I was amazed when I tested our certificate tool KeyChest, that such a big website as Guardian (one of the biggest UK newspapers) shares its certificate with Appliances Direct, Asda Good Living, Minted, and many others (click on the picture to see a complete list). Similarly Financial Times, Anheuser Busch, Costa, and many many others.

The threat

If I learnt anything in my 20 years of doing IT security, it was that no system is completely secure. The chances of you being a victim of a cyber-attack increase with use of mainstream applications (e.g., WordPress as an online blog), and being successful (more customers, more data, more value), and having sensitive data in one place.

What I see in the growth of the CDN market and they way these companies operate is the fast growth of their value as a target of cyber-attacks.
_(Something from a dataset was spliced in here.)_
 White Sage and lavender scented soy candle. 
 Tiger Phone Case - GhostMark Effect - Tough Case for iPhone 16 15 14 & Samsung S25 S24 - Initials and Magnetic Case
I don’t mean external threats only, but internal threats as well. It’s more likely someone will try to steal one diamond, rather than tons of silver.

I did not expect much from an SSL service in free-tier CDN services, but sharing a single encryption key among really big websites with tens of thousands visitors a day is pretty outrageous as it shows how little CDN companies think about security.

We need to decrease the bounty. We need to lower the value of each key and there are only two ways to do it:

  1. you use a different key for each website using CDN services; or
  2. you shorten the validity of those keys so they are worthless in minutes after being stolen.

Do you find anything interesting with KeyChest? Share it with us by tweeting with #keychest!

Update – 23rd June

  1. We looked at the chance of an attacker tampering with SNI extensions during TLS handshakes – all looks sound here.
  2. We still have to verify if sharing a certificate and the private key among many random websites may avoid security warning during browser cache attacks.